As we previously reported, the New York City Council recently passed the Fair Chance Act (Intro No. 318-A, 2014) that—among other requirements—prevents employers from inquiring about job applicants’ criminal arrests and convictions prior to hire. As expected, on June 29, 2015, New York City Mayor Bill de Blasio signed the legislation, meaning that the law will be effective as of October 27, 2015. At a signing ceremony, Mayor de Blasio stated that the new law “will open the door to jobs to New Yorkers who have paid their debt to society rather than condemning them to constant economic struggle.”
New York City employers are strongly encouraged to ensure compliance with the new criminal background check law prior to its effective date on October 27, 2015. Employers also are strongly encouraged to ensure compliance with New York City’s new law prohibiting the use of credit history checks, which will become effective on September 3, 2015. As we have noted, both of these background checks are incorporated under the New York City Human Rights Law, which means employers that violate these laws may be liable for compensatory damages (including back pay, front pay, and emotional distress), uncapped punitive damages, attorneys’ fees, and potential class litigation.
We will continue to monitor these laws regarding any guidance from the New York City Commission on Human Rights.

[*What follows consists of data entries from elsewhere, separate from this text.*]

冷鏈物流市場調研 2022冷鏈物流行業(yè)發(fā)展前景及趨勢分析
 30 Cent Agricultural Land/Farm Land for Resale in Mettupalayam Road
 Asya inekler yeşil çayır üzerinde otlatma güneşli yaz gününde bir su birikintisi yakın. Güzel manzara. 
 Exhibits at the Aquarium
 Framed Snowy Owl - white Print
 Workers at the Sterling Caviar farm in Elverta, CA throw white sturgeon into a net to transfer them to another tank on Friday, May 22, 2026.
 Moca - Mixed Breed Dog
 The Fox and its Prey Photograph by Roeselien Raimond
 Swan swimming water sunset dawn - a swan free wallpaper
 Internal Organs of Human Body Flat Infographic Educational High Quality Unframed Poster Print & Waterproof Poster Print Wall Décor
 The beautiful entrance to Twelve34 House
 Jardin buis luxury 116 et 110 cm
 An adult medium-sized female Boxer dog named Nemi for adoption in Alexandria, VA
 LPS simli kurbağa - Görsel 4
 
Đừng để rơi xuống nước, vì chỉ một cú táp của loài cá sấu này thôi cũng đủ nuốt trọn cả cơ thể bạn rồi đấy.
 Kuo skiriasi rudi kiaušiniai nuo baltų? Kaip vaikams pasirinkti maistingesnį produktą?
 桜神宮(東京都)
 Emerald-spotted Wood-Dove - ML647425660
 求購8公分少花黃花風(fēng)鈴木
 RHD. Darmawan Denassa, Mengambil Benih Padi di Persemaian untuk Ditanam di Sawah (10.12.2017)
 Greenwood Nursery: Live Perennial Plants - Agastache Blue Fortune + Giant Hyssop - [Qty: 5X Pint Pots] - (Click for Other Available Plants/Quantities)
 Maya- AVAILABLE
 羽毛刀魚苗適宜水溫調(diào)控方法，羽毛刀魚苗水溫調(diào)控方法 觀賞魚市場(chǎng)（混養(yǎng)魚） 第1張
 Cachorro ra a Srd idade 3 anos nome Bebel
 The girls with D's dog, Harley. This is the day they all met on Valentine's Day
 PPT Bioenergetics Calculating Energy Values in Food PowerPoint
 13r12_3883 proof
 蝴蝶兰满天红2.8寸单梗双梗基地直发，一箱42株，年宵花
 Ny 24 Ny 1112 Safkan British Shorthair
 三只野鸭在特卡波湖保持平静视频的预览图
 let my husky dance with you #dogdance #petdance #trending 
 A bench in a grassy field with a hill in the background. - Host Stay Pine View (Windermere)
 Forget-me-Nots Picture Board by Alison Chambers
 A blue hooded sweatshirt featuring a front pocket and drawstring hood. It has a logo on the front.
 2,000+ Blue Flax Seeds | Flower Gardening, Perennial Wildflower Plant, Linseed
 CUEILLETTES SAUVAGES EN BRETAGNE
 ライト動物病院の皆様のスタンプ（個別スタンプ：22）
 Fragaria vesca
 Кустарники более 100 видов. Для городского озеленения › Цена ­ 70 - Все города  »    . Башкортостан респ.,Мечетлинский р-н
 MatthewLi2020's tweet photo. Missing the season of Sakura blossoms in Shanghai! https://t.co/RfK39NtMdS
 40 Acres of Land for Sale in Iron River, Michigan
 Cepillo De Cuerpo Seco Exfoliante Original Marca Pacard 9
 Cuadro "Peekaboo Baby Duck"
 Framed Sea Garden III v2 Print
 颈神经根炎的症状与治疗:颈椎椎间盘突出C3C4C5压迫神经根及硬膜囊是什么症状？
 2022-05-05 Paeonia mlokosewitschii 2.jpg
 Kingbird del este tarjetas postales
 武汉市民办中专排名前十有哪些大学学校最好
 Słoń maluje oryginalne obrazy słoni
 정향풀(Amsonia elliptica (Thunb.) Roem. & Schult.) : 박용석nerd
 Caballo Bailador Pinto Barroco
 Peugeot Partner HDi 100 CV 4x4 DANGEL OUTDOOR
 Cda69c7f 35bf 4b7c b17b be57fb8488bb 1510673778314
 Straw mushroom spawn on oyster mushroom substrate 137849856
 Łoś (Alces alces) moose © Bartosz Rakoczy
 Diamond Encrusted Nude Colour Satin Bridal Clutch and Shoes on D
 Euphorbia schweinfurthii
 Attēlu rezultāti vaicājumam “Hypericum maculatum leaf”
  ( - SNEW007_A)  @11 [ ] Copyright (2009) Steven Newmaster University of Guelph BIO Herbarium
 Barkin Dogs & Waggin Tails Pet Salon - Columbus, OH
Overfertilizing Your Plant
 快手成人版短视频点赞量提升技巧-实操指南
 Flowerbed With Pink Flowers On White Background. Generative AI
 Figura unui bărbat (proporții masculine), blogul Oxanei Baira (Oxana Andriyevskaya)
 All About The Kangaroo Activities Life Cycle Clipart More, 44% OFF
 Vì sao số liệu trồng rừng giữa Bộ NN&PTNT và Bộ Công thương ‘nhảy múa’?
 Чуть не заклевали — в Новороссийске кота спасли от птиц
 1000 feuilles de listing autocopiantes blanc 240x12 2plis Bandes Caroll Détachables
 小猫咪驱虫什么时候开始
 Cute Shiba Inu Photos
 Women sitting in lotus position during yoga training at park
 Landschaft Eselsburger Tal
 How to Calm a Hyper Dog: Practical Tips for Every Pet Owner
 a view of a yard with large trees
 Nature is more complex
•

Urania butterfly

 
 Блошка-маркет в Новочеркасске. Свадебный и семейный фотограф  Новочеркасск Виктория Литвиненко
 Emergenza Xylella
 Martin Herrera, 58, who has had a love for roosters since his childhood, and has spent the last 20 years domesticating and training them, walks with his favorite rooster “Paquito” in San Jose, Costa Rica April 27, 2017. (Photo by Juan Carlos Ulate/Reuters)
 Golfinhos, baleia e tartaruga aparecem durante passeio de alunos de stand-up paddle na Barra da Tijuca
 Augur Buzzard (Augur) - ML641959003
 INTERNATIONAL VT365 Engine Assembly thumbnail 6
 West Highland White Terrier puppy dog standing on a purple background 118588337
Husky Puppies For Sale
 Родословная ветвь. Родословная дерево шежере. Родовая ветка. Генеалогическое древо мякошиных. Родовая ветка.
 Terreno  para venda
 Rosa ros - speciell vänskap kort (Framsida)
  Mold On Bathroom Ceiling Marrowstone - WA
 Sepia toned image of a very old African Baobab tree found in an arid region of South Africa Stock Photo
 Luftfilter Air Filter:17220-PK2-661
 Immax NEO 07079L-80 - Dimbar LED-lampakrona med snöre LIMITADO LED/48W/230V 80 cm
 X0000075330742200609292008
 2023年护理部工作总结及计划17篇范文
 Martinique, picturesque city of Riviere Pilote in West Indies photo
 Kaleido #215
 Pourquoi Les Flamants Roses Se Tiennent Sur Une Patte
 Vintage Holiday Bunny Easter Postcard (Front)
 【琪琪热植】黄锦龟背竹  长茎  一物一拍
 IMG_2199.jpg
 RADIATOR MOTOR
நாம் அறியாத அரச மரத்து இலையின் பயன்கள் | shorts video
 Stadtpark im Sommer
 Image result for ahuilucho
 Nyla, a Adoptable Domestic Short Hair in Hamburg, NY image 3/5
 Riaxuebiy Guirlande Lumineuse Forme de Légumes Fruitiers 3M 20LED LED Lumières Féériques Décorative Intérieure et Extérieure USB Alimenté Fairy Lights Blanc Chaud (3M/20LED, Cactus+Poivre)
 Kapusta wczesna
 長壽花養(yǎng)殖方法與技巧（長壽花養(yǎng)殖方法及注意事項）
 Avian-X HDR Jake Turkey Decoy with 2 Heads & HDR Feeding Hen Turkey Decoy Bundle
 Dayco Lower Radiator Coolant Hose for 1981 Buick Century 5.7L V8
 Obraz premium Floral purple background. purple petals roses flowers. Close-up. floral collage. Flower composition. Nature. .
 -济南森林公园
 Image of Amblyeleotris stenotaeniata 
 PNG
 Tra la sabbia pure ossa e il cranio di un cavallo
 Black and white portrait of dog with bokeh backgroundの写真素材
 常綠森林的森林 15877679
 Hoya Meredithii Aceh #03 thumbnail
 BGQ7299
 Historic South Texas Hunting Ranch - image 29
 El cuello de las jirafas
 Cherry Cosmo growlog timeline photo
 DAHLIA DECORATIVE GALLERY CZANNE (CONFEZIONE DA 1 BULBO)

Aaron Warshaw is a founding attorney of Ogletree Deakins’s New York City office. Aaron’s first-chair experience includes representing Fortune 500 companies to small businesses in single-plaintiff and class-action employment cases. He has actively litigated and appeared in jurisdictions throughout New York State, including before federal courts, appellate courts, state courts, and administrative agencies. In addition, Aaron is a trusted advisor for management in navigating and...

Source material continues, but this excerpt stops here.